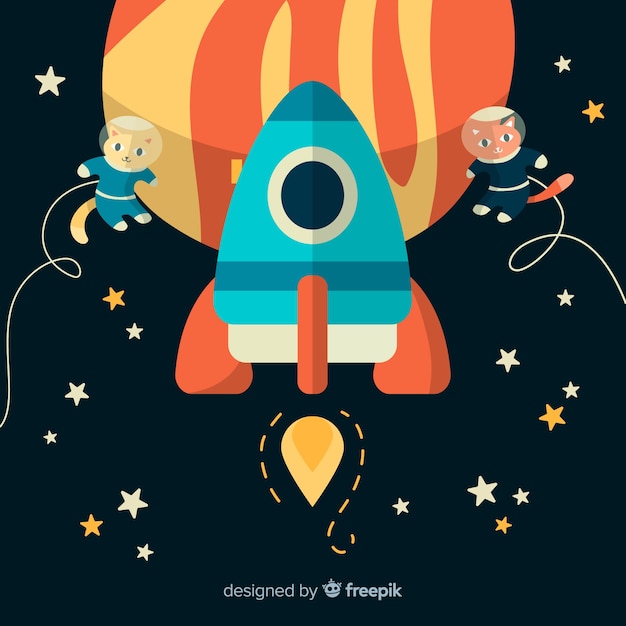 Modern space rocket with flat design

==

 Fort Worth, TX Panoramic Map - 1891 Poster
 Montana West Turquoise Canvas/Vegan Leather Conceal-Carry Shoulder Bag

--

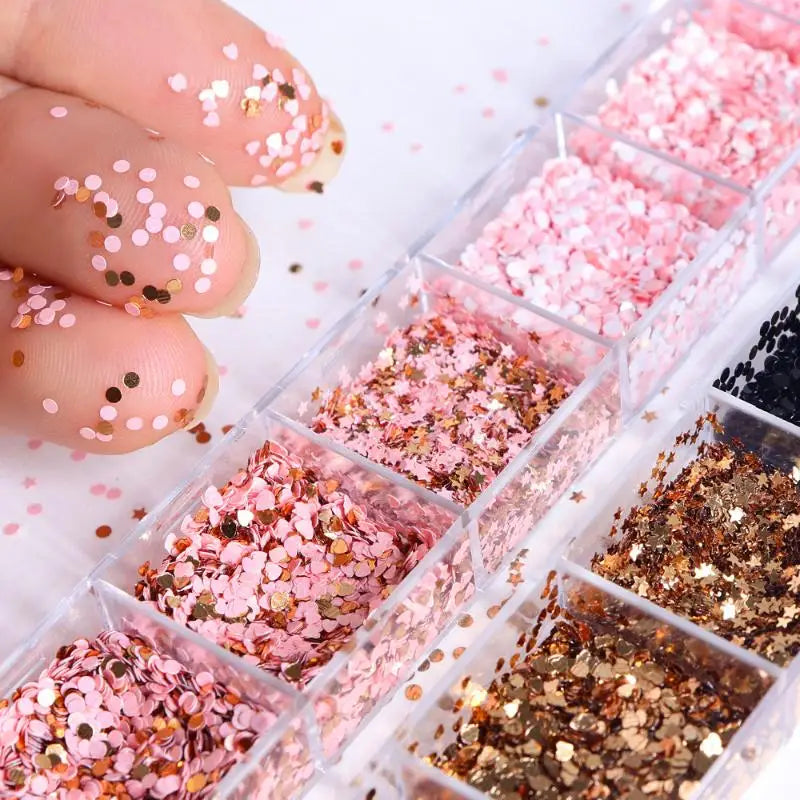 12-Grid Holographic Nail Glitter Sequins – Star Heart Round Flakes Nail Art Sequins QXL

Work order:
Only the lines above starting at the one containing "Fort Worth, TX Panoramic Map - 1891 Poster" and ending at the one containing "Montana West Turquoise", both included, are to be returned, exactly as they read.

Answer box:
 Fort Worth, TX Panoramic Map - 1891 Poster
 Montana West Turquoise Canvas/Vegan Leather Conceal-Carry Shoulder Bag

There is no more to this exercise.